Notably absent from the federal research regulations is any mention of standards of evidence that IRB members should use in deciding whether a study meets the approval criteria.5 A standard of evidence for an IRB would be rule or guideline concerning the type or amount of evidence that is needed to make an approval decision.6 The regulations leave it to IRBs to decide whether they have sufficient evidence to approve a study.7

Not including standards of evidence for IRB determinations is an important omission from the federal regulations, because standards of evidence used in making a decision can dramatically impact its outcome. For example, under US criminal law, guilt must be proven beyond reasonable doubt. If the standard of evidence in criminal cases were weaker than beyond reasonable doubt, millions of people would be convicted of crimes who would not have been otherwise.

Standards of evidence can also affect the outcome of IRB deliberations, since the same research proposal might be approved by one IRB but not approved by another if they use different standards of evidence. Numerous studies have documented inconsistency and variability among IRB decisions (Goldman and Katz 1982, Hirshon et al. 2002; McWilliams et al. 2003; Shah et al. 2004; Dziak et al. 2005; Green et al. 2006; Peterson et al. 2012). For example, Green et al (2006), submitted the same observational health services study to 43 different IRBs as part of a collaborative research project. Ten IRBs reviewed the study on an expedited basis8; 31 gave the study full board review; one decided that the study was exempt9 from IRB review; and one refused to approve the study because it judged it to be too risky (Green et al. 2006).

There are some plausible explanations of inconsistency and variability of IRB review. Chief among these is that IRBs make different decisions about the same study because they interpret and apply key terms in the regulations, such as ‘risk,’ ‘benefit,’ and ‘consent,’ differently (Edwards et al. 2004; Shah et al. 2004; Klitzman 2011a). Other factors that may lead to inconsistent IRB review include differences related to moral and cultural values; scientific knowledge and expertise; and education and training related to human research regulations an oversight (Silberman and Kahn 2011; Resnik 2014; Friesen et al. 2019). However, another explanation, which cannot be ruled out at present, is that inconsistency and variability occur, in part, because IRBs use different standards of evidence for making decisions.

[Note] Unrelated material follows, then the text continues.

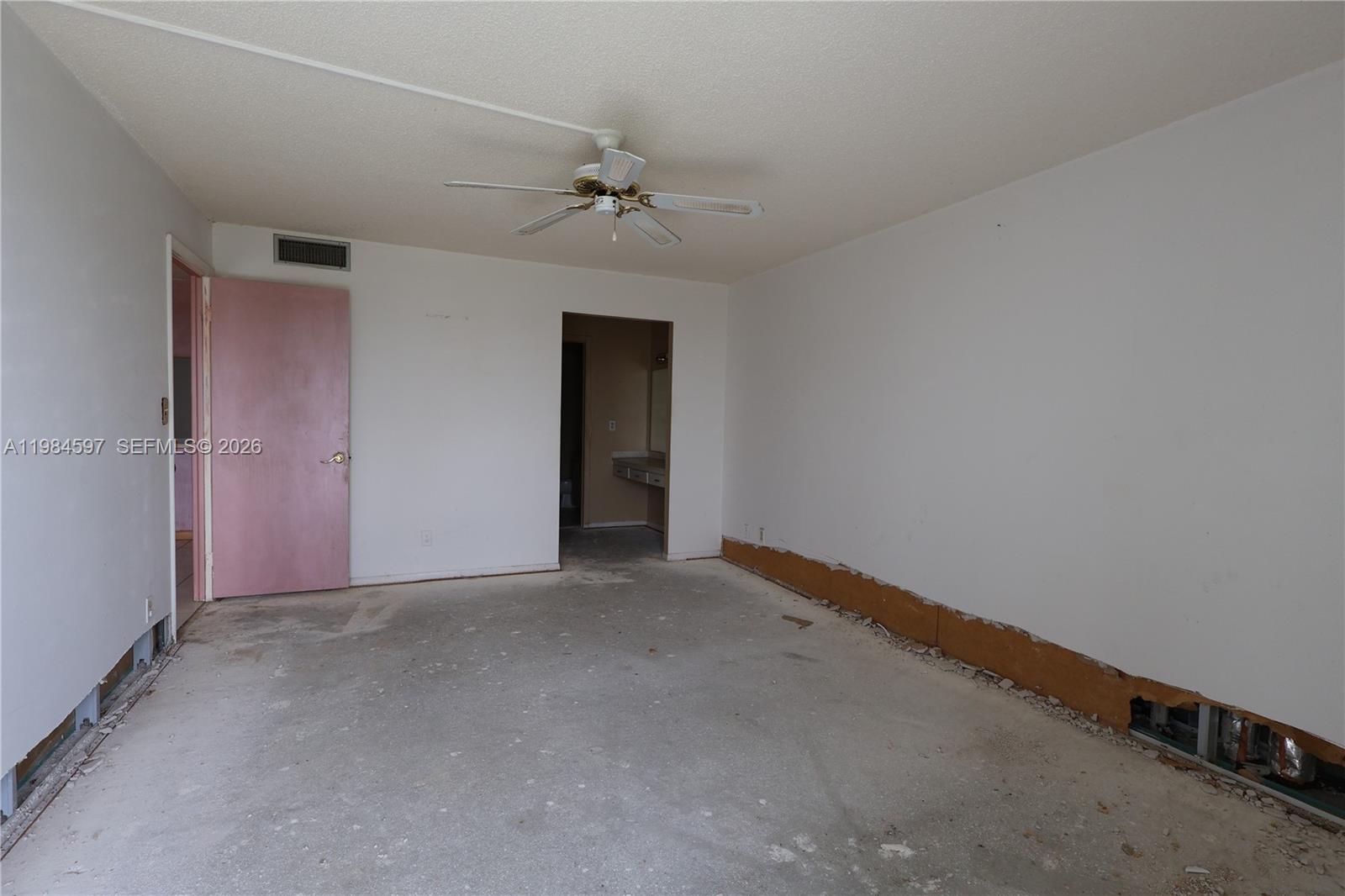 5301 Northwest 2nd Avenue, Unit 203 Boca Raton, FL 33487 - Photo 8 of 17 an empty room with a ceiling fan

While inconsistency in IRB decision-making is not inherently unethical and may simply reflect the differences of opinion and interpretation that inevitably arise when human beings deal with complex issues at the intersection of science, law, and ethics (Edwards et al. 2004; Resnik 2014; Friesen et al. 2019), it may nevertheless be an indicator of more significant problems with IRB decision-making, such as under-protection or overprotection of human research subjects (Resnik 2014). Under-protection is an ethical and compliance10 problem because it can threaten the rights and welfare of research participants, and overprotection is an ethical problem because it can prevent socially valuable research from moving forward (Resnik 2014; Schneider 2015).11

A second reason for exploring the topic of standards of evidence in IRB decision-making in greater depth is that one might argue that IRB decisions related to risks and benefits should be based largely on empirical evidence12 rather than on subjective feelings, emotions, or intuitions.13 In 1979, the authors of the Belmont Report argued that oversight committees should use empirical data to assess risks and benefits systematically (National Commission for the Protection of Human Subjects in Biomedical and Behavioral Research 1979). Numerous other commentators have echoed this view (Meslin 1990; Weijer 2000; London 2006; Wendler et al. 2005; Rid et al 2010; Resnik 2018). However, several studies have shown that IRB members often make risk/benefit decisions based on feelings, emotions, intuitions, or personal experiences (Van Luijn et al. 2002; Stark 2012; Klitzman 2011, 2015). While it is neither possible nor desirable to eliminate subjective elements from IRB decision-making, one might argue that IRB decision-making should be more empirically-based than it currently is (Pritchard 2011; Anderson and DuBois 2012; Resnik 2018).14

A third reason for exploring the topic of standards of evidence in IRB decision-making in greater depth is that one might claim that different standards should apply to different decisions. Numerous commentators have argued that it would be ethical to conduct controlled human infection experiments (or challenge studies) on young, healthy adult volunteers to generate data to help accelerate the development of vaccines for acute respiratory syndrome–coronavirus 2 (SARS-CoV-2), the pathogen responsible for the COVID-19 pandemic (Eyal et al. 2020; Schaefer et al. 2020; World Health Organization 2020). While these experiments could potentially save tens of thousands of lives by reducing the time for vaccine development (Eyel et al. 2020), they have been ethically controversial because they would involve intentionally exposing human subjects to SARS-CoV-2 to test vaccine efficacy.15 While the mortality and morbidity risks associated with COVID-19 are low for the proposed study population, they are not trivial. According to Salje et al. (2020), for healthy adults, age 20–29, the risk of dying after becoming infected with SARS-CoV-2 is about 0.007% (or 7 deaths per 10,000 infections). Shah et al. (2020) argue that COVID-19 challenge studies be conducted only if they have demonstrated high social value, such that the knowledge they produce would likely be used by vaccine developers to move vaccines more quickly into Phase III clinical trials. While most people share the moral intuition that evidence for the expected social value for studies like these should be compelling, this raises the question of whether evidence for expected social benefits should be compelling for all studies involving human subjects. Should IRBs demand more evidence for approving a study that exposes human subjects to significant risks without offering them any direct benefits than they would for other types of research, such as minimal risk surveys or sample collection protocols?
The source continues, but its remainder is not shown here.